FIGURE 2. Overview of our framework. Given an image $I$ as input, our framework first extracts rich semantic information through multi-level semantic feature extractor to guide generator. After that, we deliver the noise $z$ and label $c$ to generator for generating sample $I_{g}$ . Finally, we can obtain the classification result $c^{'}$ and the discriminate result $R / F ?$ (True or Fake?) of generated sample $I_{g}$ by discriminator. $L_{c}$ , $L_{s}$ , and $W_d i v$ indicates respectively the classification loss, the discriminant loss, Wasserstein divergence during training.

First, the random noise vector $z$ and sample label $c$ are input into the generator. The generator generates synthetic samples $I_{g}$ , expanding the scale of the training data. By utilizing a multi-level semantic feature extractor to process original samples, semantic and contextual information can effectively be captured and used for guiding sample generation of generator. Then, the discriminator takes the generated sample $I_{g}$ and real sample $I$ as the inputs, and outputs the discriminant result $R / F ?$ (True or Fake) and the classification result $c^{'}$ of the generated sample. During the adversarial training of model, the Wasserstein divergence $(W_d i v)$ is used as the distance measurement between the distributions of the initial data and the distributions of the generated data.
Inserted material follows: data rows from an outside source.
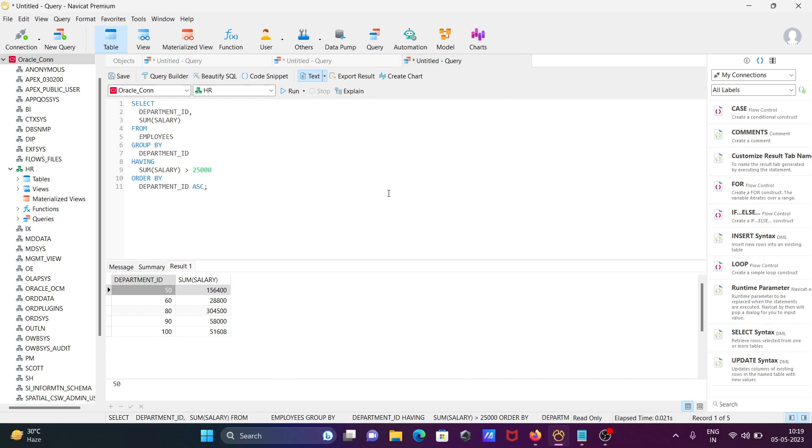So this is how we can write queries in NaviCat. I hope this video is helpful for you. Thanks for watching, see you next week.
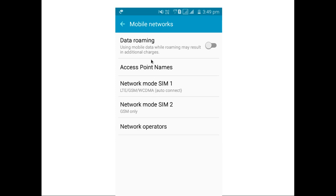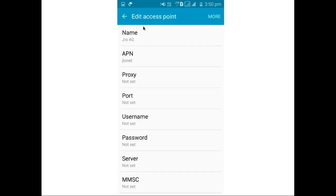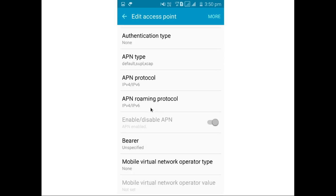Go to Mobile Networks and select Access Point Names. Then select the access point Geo4G. This is the access point setting — the access point name is Geo4G and the APN name is jionet. Here the APN is enabled.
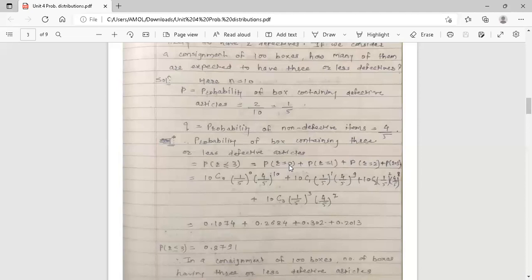We use binomial distribution because n is small (n equals 10) and there are only two outcomes: defective or non-defective. For r equals 0, the formula gives 10C0 times (1/5) raised to 0 times (4/5) raised to 10, since n minus r equals 10 minus 0 equals 10.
3.1 The modification of network

Despite the fact that ACGAN achieved significantly satisfactory results in image generation [13], it still faces the problem of insufficient feature extraction ability when it is applied to tasks within the few-shot environment, resulting in inadequate acquisition of image information and a consequent decrease in model performance. To address this issue, the overall network structure of ACGAN is optimized, as illustrated in Figure 3. The specific improvements of the network structure are detailed below.

(1) As shown in Figure 3, the residual module (Residual) is introduced into the network structure of the generator and the discriminator to optimize the feature learning ability of the model, so that the model can extract more valuable features. Meanwhile, it can ensure the quality of the samples generated by the model while optimizing the model’s ability to discriminate and classify images. The specific network structure of the introduced residual module is shown in Figure 4.
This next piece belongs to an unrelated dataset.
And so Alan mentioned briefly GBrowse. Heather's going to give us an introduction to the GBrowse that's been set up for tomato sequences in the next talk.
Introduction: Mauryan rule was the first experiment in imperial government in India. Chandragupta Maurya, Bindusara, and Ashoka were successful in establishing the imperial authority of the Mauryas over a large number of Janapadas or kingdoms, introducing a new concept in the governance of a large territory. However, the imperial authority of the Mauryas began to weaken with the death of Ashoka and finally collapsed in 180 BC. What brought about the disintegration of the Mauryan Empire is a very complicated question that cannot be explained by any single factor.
(2) When the kernel size of the deconvolution layer cannot be divisible by stride in the actual calculation, uneven overlapping problems will occur. Also, the generated sample images would have some checkerboard-like artifacts [30]. Therefore, in order to avoid such problems, as shown in Figure 3A, the up-sampling layer (US) and the convolutional layer (Conv) are used to generate sample images in the generator network structure. As shown in Figure 3B, in the discriminator network structure, two convolutional layers are added before the sigmoid and softmax classification layers, which makes the classifier in the discriminator learn more image information and improve the classification performance.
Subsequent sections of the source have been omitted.